The five-year-old startup was acquired by e-commerce major Snapdeal in April 2015, but the company operates at an arm’s length from the parent as it does not want to become “anybody’s in-house currency.”
In September 2015, Freecharge launched its mobile wallet—to take on competitor Paytm, which already has over 50 million users. The company says it now has approximately 14 million users for the service.
Freecharge is adding around a million new wallets per week, says the company’s chief operating officer Govind Rajan—earlier the chief strategy officer at Snapdeal and chief executive of Airtel Money.
Rajan spoke to Quartz about what is fueling this growth and the Snapdeal-Freecharge dynamics.
Here are the edited excerpts:
What are your near-term goals?
At this point, we are focused on March 2016. We want to have 35 million wallets by March 2016. Quite frankly, I want consumers to use Freecharge as many times as possible.
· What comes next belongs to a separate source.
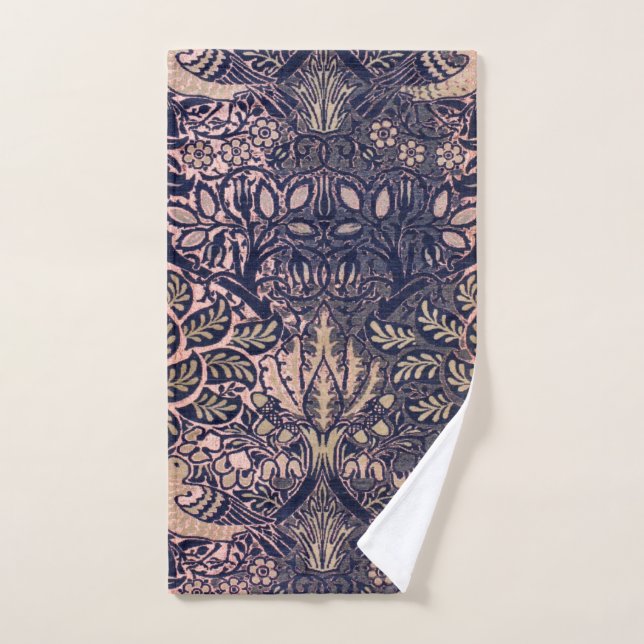 Dove And Rose 1879 By William Morris Hand Towel (Hand Towel)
That is my only goal today.
In terms of the number of retailers who accept us, we don’t have any fixed target as we are not even sure how many there are in the country. While our conservative estimate is 12 million, our realistic estimate is 40 million, because the guy who sells you a newspaper is also a retailer.
In the next two years, our target is that every Indian should accept e-payments.
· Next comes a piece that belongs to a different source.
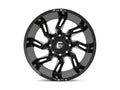 D747 20X9 5X5.0 GL-BLK-MIL 01MM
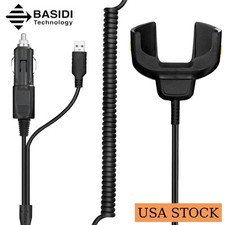US DC Vehicle Charger Cable for Zebra  TC70 TC75 TC77 CHG-TC7X-CLA1-01 picture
What segment of people is fueling the growth in wallets for Freecharge?
Digital natives—people brought up during the age of digital technology. For the millennials, internet is not an acquired habit. They do all their transactions online and they live their social life online.
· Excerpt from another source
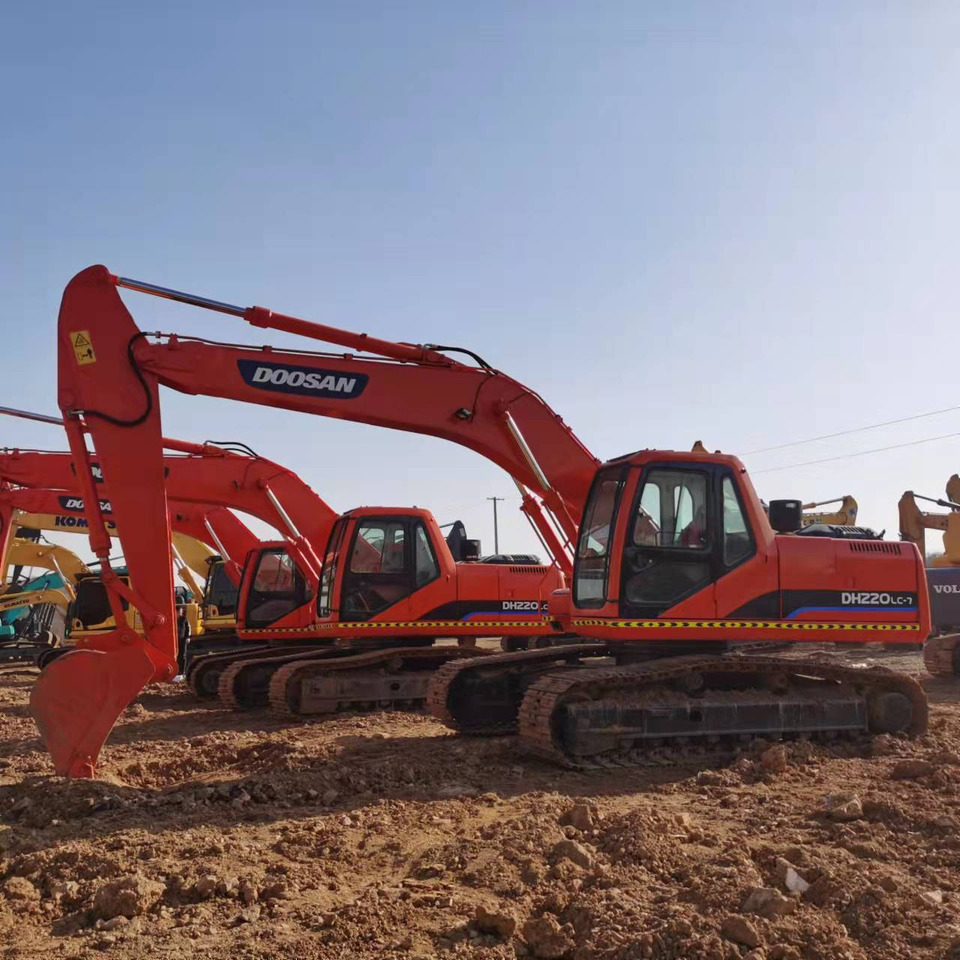 DOOSAN DH220LC-7 - Bager guseničar: slika 1 DOOSAN DH220LC-7 - Bager guseničar: slika 1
Besides them, people who use us once understand how easy it is. My mother used Freecharge once and now she recharges her phone by herself.
Are most of your users coming from Snapdeal?
Our user base is roughly 50-50, meaning half are from Snapdeal; the others are using Freecharge directly.
Many online commerce platforms, like Ola, have their own wallets. How do you fit into the market?
In the US or in China, guys who have won the battle—PayPal and Alipay—had three things that worked for them: an anchor merchant, a user interface (UI) that is undisputable in class, and ubiquity.
We think these three are important and we are working on them. We have brought in an anchor merchant—Snapdeal. This helps users develop trust and familiarity with Freecharge. Snapdeal also helps us understand merchants’ perspective.
Secondly, we have developed a best-in-class UI.
Now we are building ubiquity by forming direct linkages with merchants and working with others who can create inter-operability. Consumers are not going to use one wallet for one transaction and a second for another.
Why would a retailer who already offers cash and card payment options use your product?
Retailers have seen what’s happened in the US and China. The fact that mobile wallet is the future is clear to everybody. The question for a retailer is not whether I want to offer or not. It is about “do consumers want to pay for it?”As long as integration is smooth and fast, and doesn’t involve extra investment, retailers will use us.
Having said that, we have to work with retailers to see how we can drive more revenue for them. We are in the business of lubricating commerce.
Is there a disadvantage in having Snapdeal as your parent company? Aren’t the other e-commerce players averse to you?
Not really. What did PayPal and eBay do? For many years, they operated in the same place and after that, they moved away and became two companies. Snapdeal is headquartered in Delhi, and Freecharge is in Bengaluru. We have physically separated ourselves. Why do we call ourselves Freecharge and not something like SnapPay?
If we get accepted on Amazon and Flipkart tomorrow, we will treat Amazon and Flipkart the same way as Snapdeal. We are a payments company and our real battle is not against anything other than cash.